Flüchtlingskrise und Silvesternacht

Die Flüchtlingskrise, die Ereignisse in der Kölner Silvesternacht, der wachsende Einfluss von Salafisten, Anschläge im In- und Ausland sowie die Propaganda von Rechtsextremisten und -populisten haben offenbar das Misstrauen gegenüber dem Islam vergrößert. Das ist eines der Ergebnisse aus einem Forschungsprojekt der Bonner Akademie für Forschung und Lehre praktischer Politik (BAPP) in Zusammenarbeit mit der Brost-Stiftung.

Ein weiteres Ergebnis stimmt die Forscher optimistischer: Eine breite Mehrheit – 80 Prozent – hält Integrationsangebote für wichtig. „Die Bereitschaft für hilfreiches bürgerschaftliches Engagement ist nach wie vor groß. Viele Menschen warten nicht auf die Politik, sondern packen an“, sagte BAPP-Präsident Prof. Bodo Hombach am Mittwoch bei der Vorstellung der groß angelegten Studie zu Integrationserfahrungen im Ruhrgebiet.

Eine aktuell aufgeladene Stimmung

Integrations-Staatssekretärin Serap Güler (CDU), selbst türkeistämmig und Tochter eines Bergmanns aus Marl, weiß, dass die aktuell aufgeladene Stimmung die Integrationsbemühungen oft überlagert. Im Ruhrgebiet seien die Voraussetzungen schwieriger als anderswo. „Junge Muslime scheinen im Revier benachteiligter zu sein als in Regionen mit anderer Wirtschaftskraft. Nach wie vor besuchen viele von ihnen eine Hauptschule, sie finden schlechter Zugang zum Arbeitsmarkt.“

Die viel beschriebene „Willkommenskultur“ müsse schnell zu einer „Anerkennungskultur“ für Muslime weiterentwickelt werden. „Wir müssen ihnen das Gefühl vermitteln, dass sie zu 100 Prozent dazugehören und volle Teilhabe haben an allen Angeboten“, so Güler. Dazu gehöre zum Beispiel, den öffentlichen Dienst noch mehr für Migranten zu öffnen. Die Landesregierung werde ihre Integrations-Anstrengungen weiter ausbauen.

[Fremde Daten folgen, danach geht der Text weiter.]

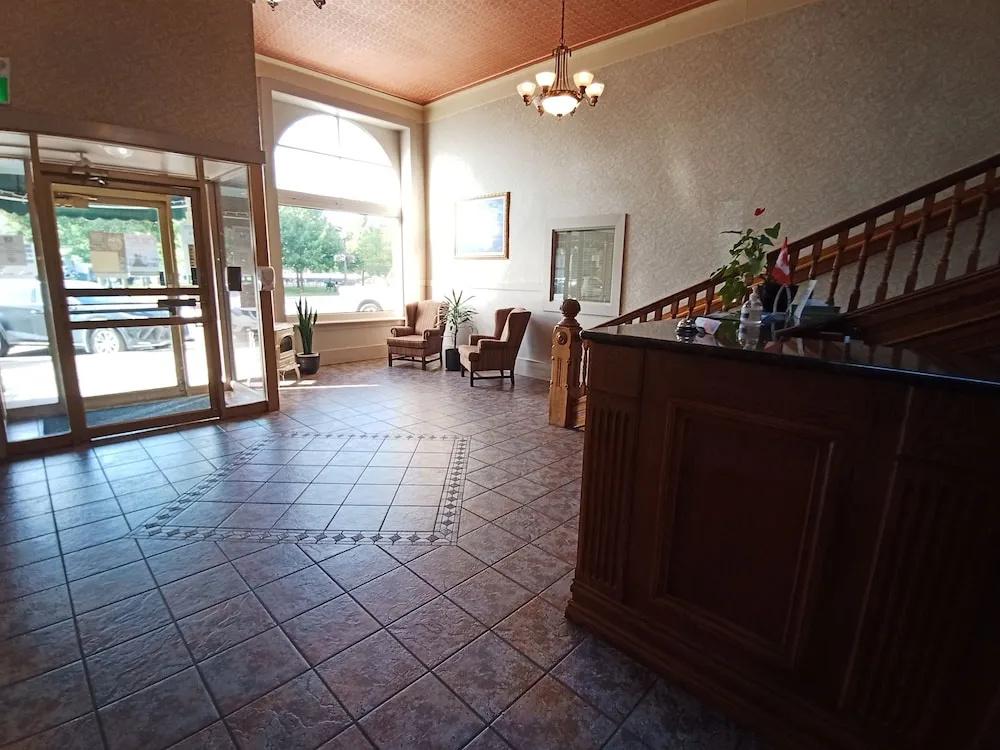 фото Hotel Bedford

Kritik am Moscheeverband Ditib

Güler bewertet den Einfluss des größten Moscheeverbandes Ditib, der eng mit der türkischen Regierung verknüpft ist, auf die türkische Community in NRW kritisch. Das Ergebnis der jüngsten Vorstandswahlen bei Ditib hätte all jene enttäuscht, die auf Reformen und eine Abnabelung von Ankara hoffen. „Im Landes- und im Bundesverband von Ditib bleibt alles wie gehabt. Wir empfangen nicht das Signal, dass man mit dem Verband vertrauensvoll arbeiten kann“, sagte die Staatssekretärin.

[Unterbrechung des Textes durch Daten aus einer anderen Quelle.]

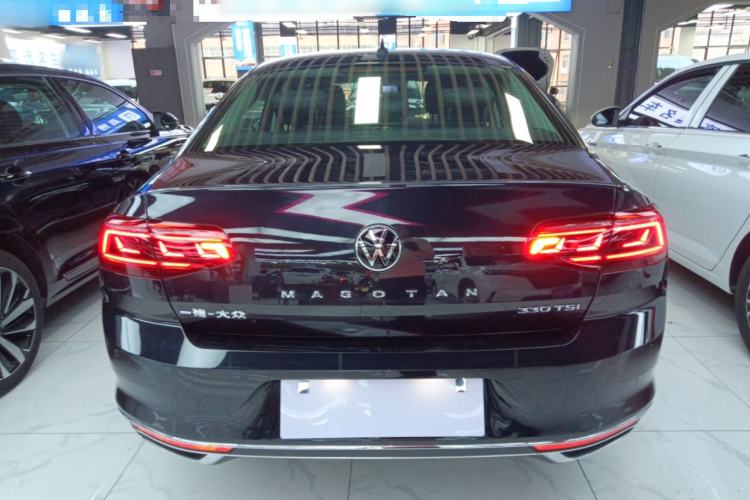 Used Volkswagen Magotan 2020 330TSI DSG Leading Model Rear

Es gebe aber in NRW zahlreiche Ditib-Moscheegemeinden, die in eine andere Richtung steuerten und sich von der türkischen Regierung emanzipieren wollten. Man dürfe daher nicht alle Teile von Ditib „in einen Topf werfen“. Güler beklagte außerdem den großen Einfluss türkischer Medien auf viele Türkeistämmige vor Ort. „Das türkische Fernsehen beeinflusst die Meinungsblase eines Teils der türkeistämmigen Bevölkerung.“

Projekte zu wenig abgestimmt

17 gut funktionierende Integrationsprojekte in der Region wurden für die Integrationsstudie intensiv begutachtet, darunter der Verein SV Genc Osman Duisburg, das Projekt Heroes in Duisburg und die „Joblinge“ in Essen. „Es gibt viel Gutes“, sagen die Verfasser der Studie. Allerdings seien viele der Initiativen noch zu „verinselt“, findet Projektleiter Prof. Volker Kronenberg von der Universität Bonn.

Arbeit werde zu oft doppelt gemacht, weil sich manche Initiativen immer noch gegenseitig als Konkurrenten wahrnähmen. Im Ausland gebe es Projekte, die auch dem Ruhrgebiet als Vorbilder dienen könnten, sagte Kronenberg. In Wien beispielsweise kümmern sich im „OmaOpa-Projekt“ Senioren intensiv um Kinder mit geringen Bildungschancen.